Saturday brought the best weather of the weekend, with next to no rain and portions of sunshine. London indie troupe Bastille had a cider induced crowd singing along to chart hits Pompeii and Bad Blood on the Main Stage, whilst DJ Yoda and DJ Fresh got the rave fingers pointing over at The Big Top, along with big name dance acts Julio Bashmore and Annie Mac at The Port. Saturday’s main headliner Snoop Dog (who seemed to have been booked before his recent ‘reggae reincarnation’ Snoop Lion) gave a somewhat lazy rendition of his back catalogue – the predominantly hipster crowd only paying real attention to the hits he merely collaborates on: Katy Perry‘s California Girls being one example. Simian Mobile Disco at The Big Top were a far better choice.

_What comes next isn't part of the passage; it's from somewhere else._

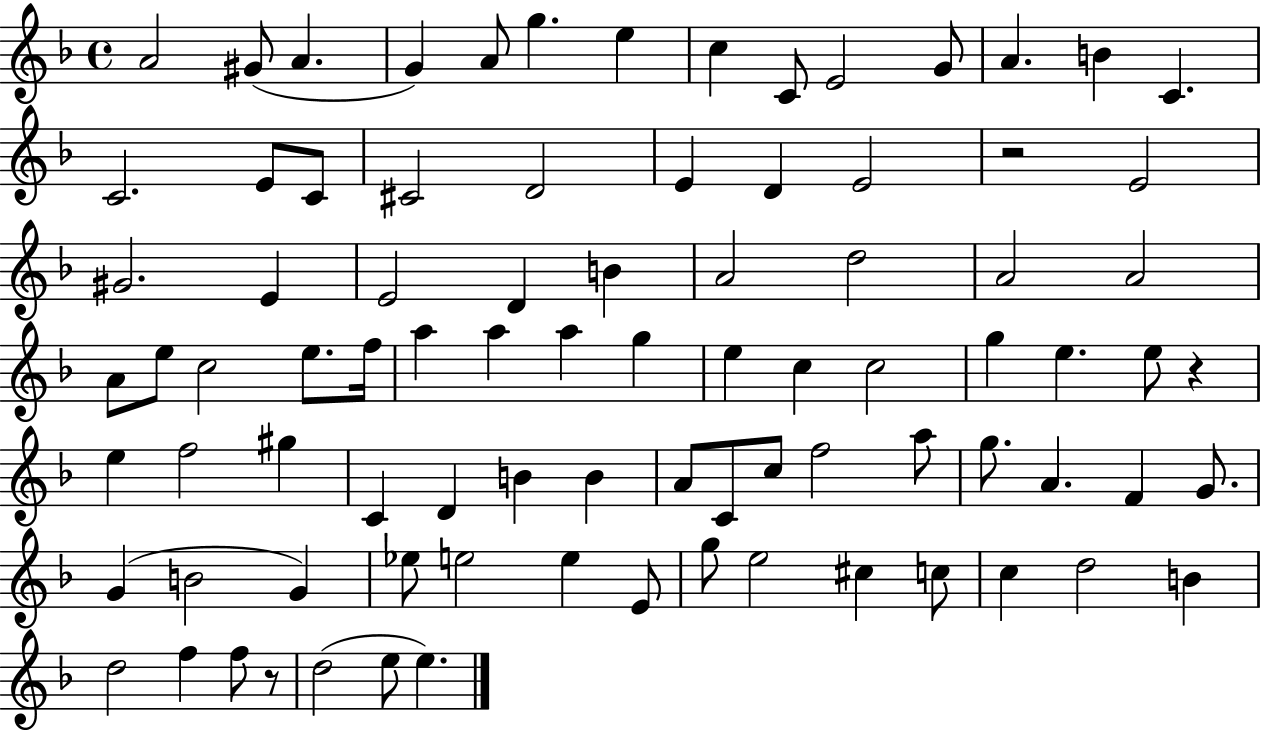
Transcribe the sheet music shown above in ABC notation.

In contrast, Sunday brought an apocalyptic downpour. But inside dance stage The Port it felt like sunny Ibiza, with the likes of the Hospitality takeover, featuring High Contrast and Danny Byrd, finished by dance music’s colossal Carl Cox. There was a unanimous feeling towards Sunday’s Main Stage headliner amidst my friends and I, along with the Bestival goers I had the pleasure of meeting: Elton John? I know he’s great, but is anyone from our generation really that into him? Maybe not. But it was also the general consensus that this wasn’t a performance to be missed. I stuck around to see the embarrassingly limited amount of Elton songs I know, but it was without regret. I may not be that into him, but he was indeed flawless. And above all, looked genuinely happy to be there, especially when the entire crowd joined him for his performance of Your Song.
How do you follow Sir Elton John Bestival? By putting on a spectacular display of fireworks as glittery as his dinner jackets. And with that, this year’s final festival of the season came to a close. The last big party of the summer indeed.